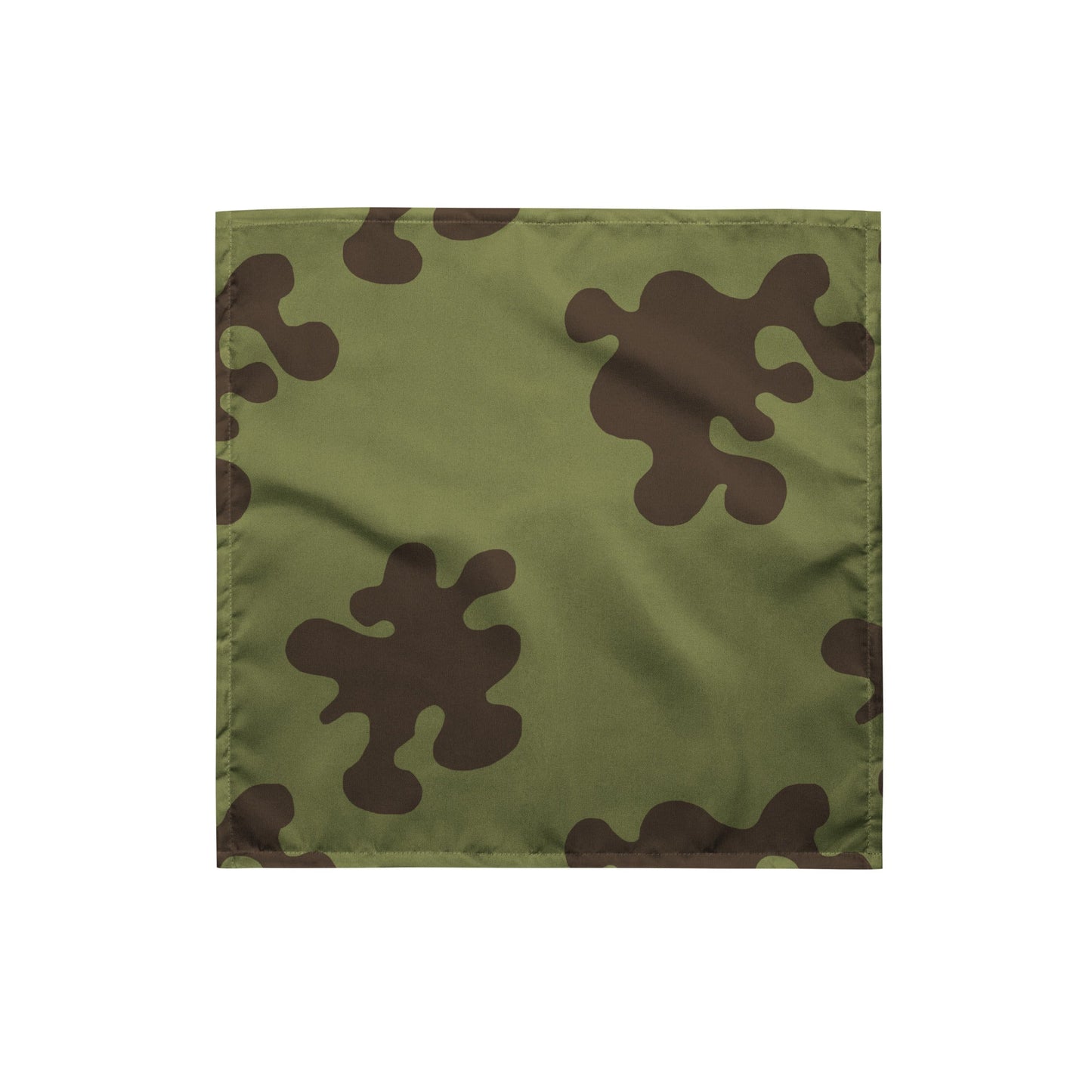 Russian Amoeba Green and Brown CAMO bandana - S - Bandanas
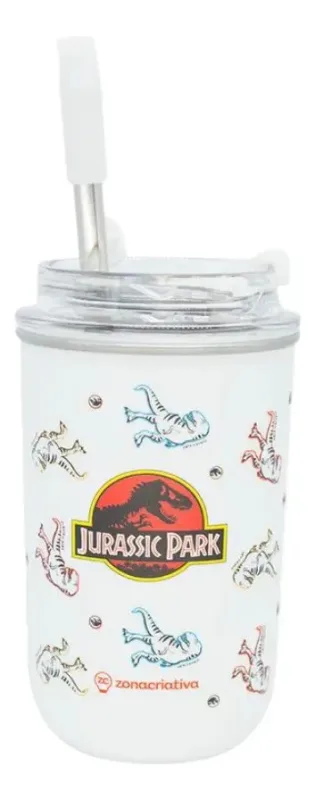 COPO NEO 300ML JURASSIC PARK - Manaia Presentes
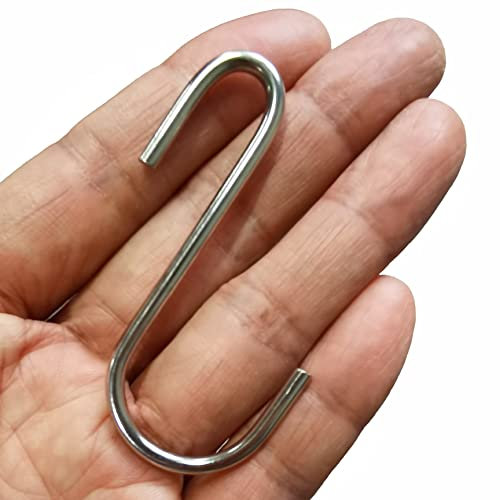 LU2000 AniWorld Pack of 10 Heavy Duty S Hooks Stainless Steel Pan Pot Holder Rack Hooks Hanging Hangers S Shaped Hooks for Kitchenware Pots Utensils Clothes Bags Towels Plants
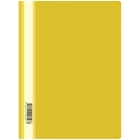 Папка-скоросшиватель пластик. OfficeSpace, А4, 160мкм, желтая с прозр. верхом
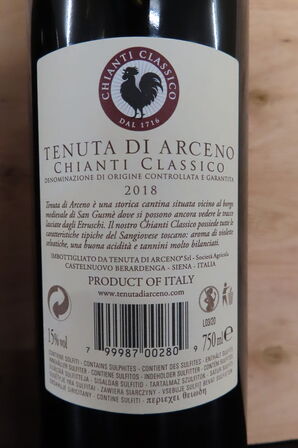 2 fl. Rødvin TENUTA DI ARCENO 750ml.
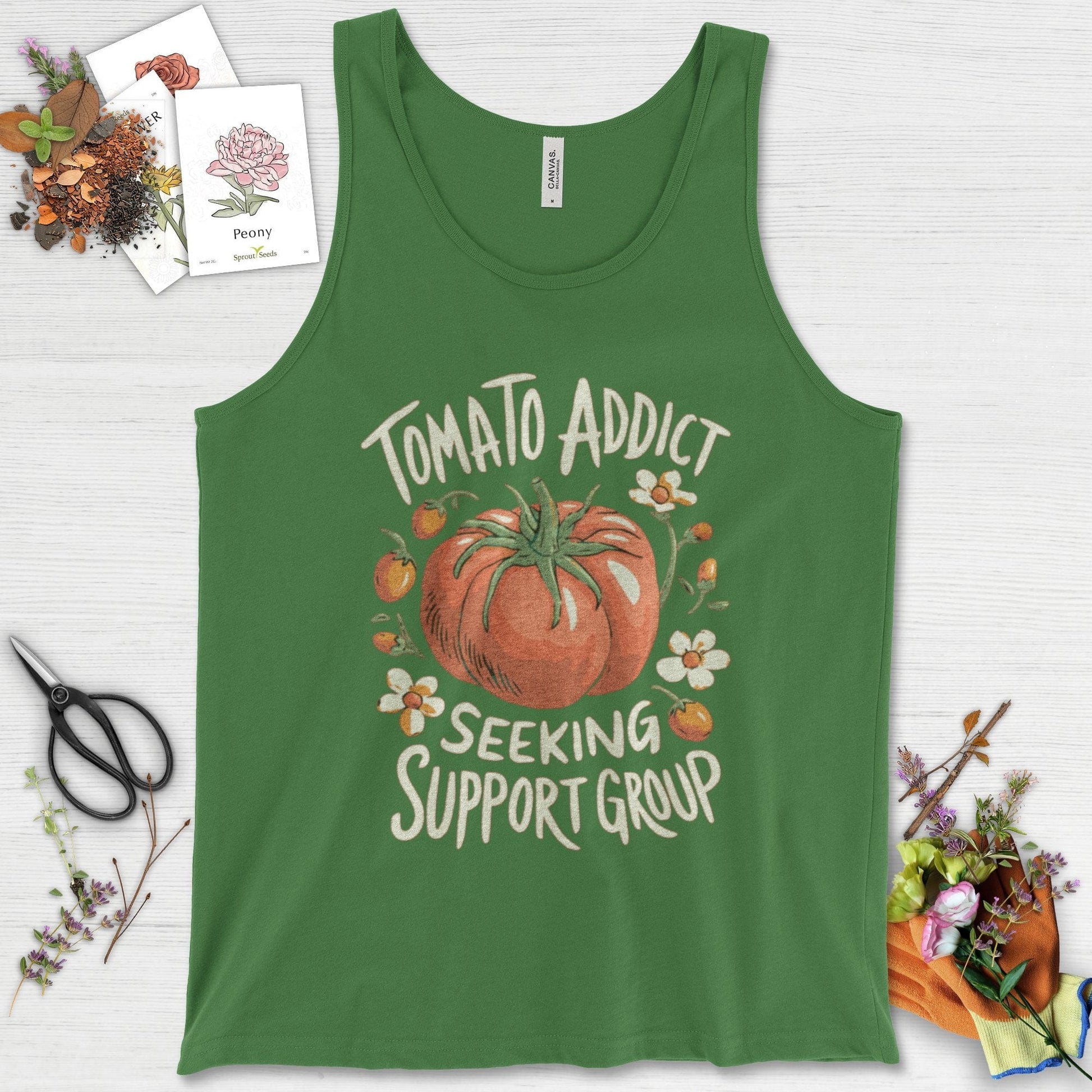 Tomato Addict Support Group Tank Top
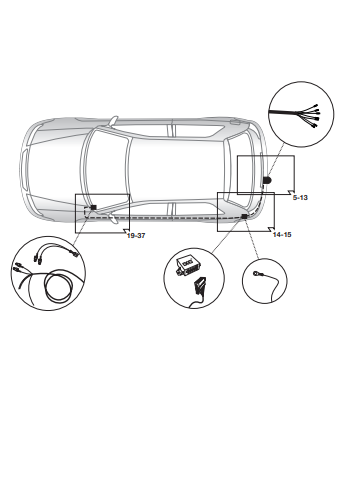 Электрика фаркопа Hak-System (7 pin) для Volkswagen Golf 2008-2013 12500559 в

════

### Problem
An exact copy of every entry above is needed, with the pictures left out.

### Solved exercise
 Russian Amoeba Green and Brown CAMO bandana - S - Bandanas
 COPO NEO 300ML JURASSIC PARK - Manaia Presentes
 LU2000 AniWorld Pack of 10 Heavy Duty S Hooks Stainless Steel Pan Pot Holder Rack Hooks Hanging Hangers S Shaped Hooks for Kitchenware Pots Utensils Clothes Bags Towels Plants
 Папка-скоросшиватель пластик. OfficeSpace, А4, 160мкм, желтая с прозр. верхом
 2 fl. Rødvin TENUTA DI ARCENO 750ml.
 Tomato Addict Support Group Tank Top
 Электрика фаркопа Hak-System (7 pin) для Volkswagen Golf 2008-2013 12500559 в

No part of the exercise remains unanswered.